Sí, desde esa pequeña cima se veían unas casas blancas a dos kilómetros, esparcidas por un horizonte que se me antojó alegre, familiar. Limpias, encaladas. Hasta brillantes. “Ya estás cerca, no puedes flaquear. Si no llegas hasta allí es como si no hubieras hecho nada”. Seguí frente al viento, a pesar del viento, con la pierna derecha dolorida, cambié de postura en el sillín, me apoyé más en el lado izquierdo, ya no me preocupaban los coches, los camiones, las motos. No sé si me adelantaban o si pedaleaba solo por una carretera olvidada, me dolían las manos. Pero llegué. No sonreí cuando dejé atrás el cartel metálico con el nombre del pequeño pueblecillo. Al menos por esa calle no había viento. Para entonces ya no sabía qué me dolía más, si la pierna derecha o las manos.
Atravesé en silencio la silenciosa Villablanca. Dudé en pararme, en descansar, busqué una fuente pero no vi ninguna. “Tienes que seguir, ya has conseguido el primer objetivo, seguro que ahora ya no soplará tanto el viento, venga, sigue un poco más, si aparece una cuesta te das la vuelta y ya está, hoy es imposible”.
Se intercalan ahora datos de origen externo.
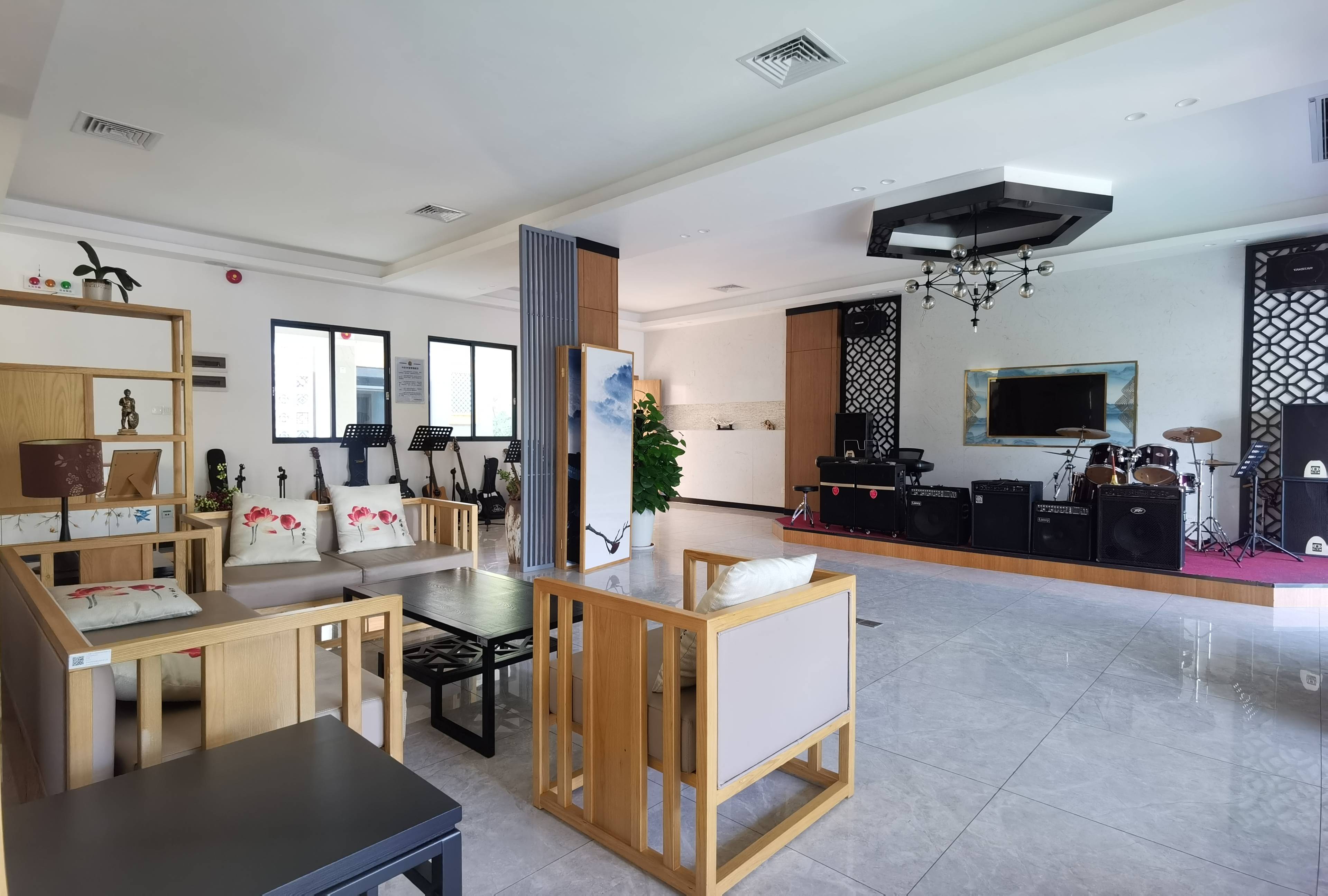 有一个消防蓝朋友是怎样的体验,给你一天时间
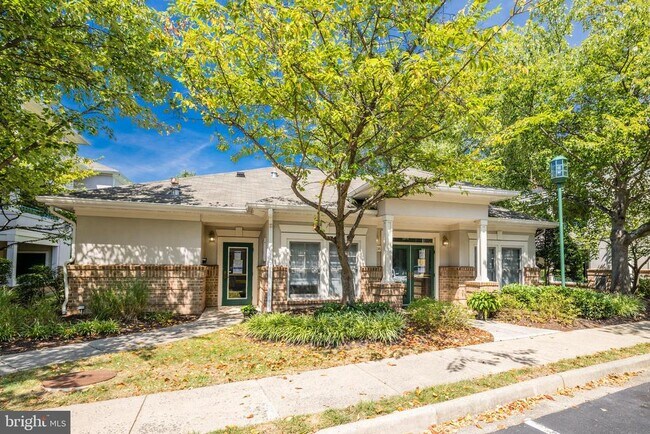 Building Photo - 12012 Taliesin Pl
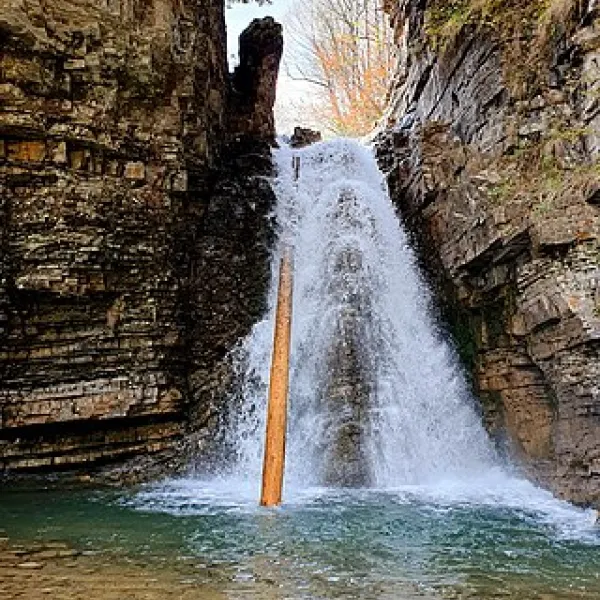 Bukhtivetsky waterfall, Bukovo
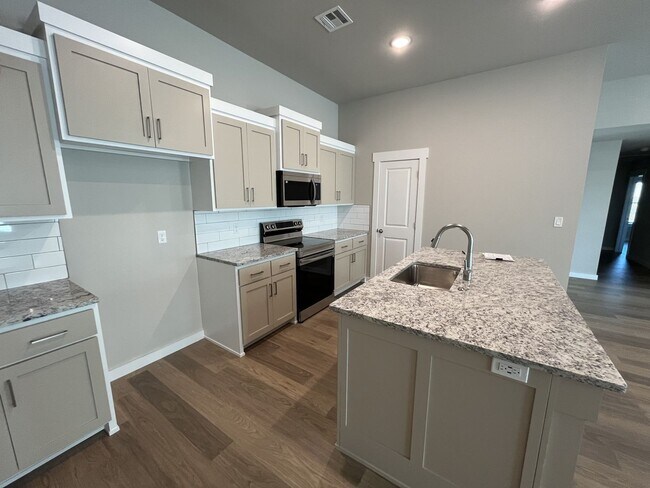 14517 E 39th Pl S in Tulsa, OK - Building Photo - Building Photo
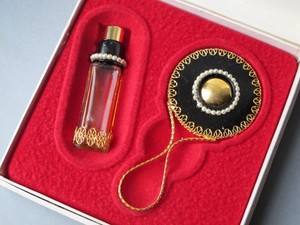 Vintage-set-by-034-Astrid-034-of-1x-perfume-and-mirror-beaded-and-metal-filigree-boxed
Llegué sin aliento al pueblo siguiente, unos 10 kilómetros más. San Silvestre. Allí sí que me senté. Bueno, me derrumbé. En una silla de plástico, junto a una mesa, sin quitarme el casco, ni los guantes. Cerca unos hombres jubilados de visera reían ante cafés, luego se callaban, miraban el cielo y comentaban el viento del día.
Un rato después volví, poco a poco, en mí. Regresé a casa en mucho menos tiempo, una hora. Me dejé caer en la piscina. Nadé sin ganas cuatro o cinco largos. Me sequé y me eché sobre un sofá. Pensé que no era ningún héroe, que para qué tanto esfuerzo. Que si me hubiera quedado en casa leyendo y nadando no estaría así. Para qué todo. Para qué. Eso, para qué.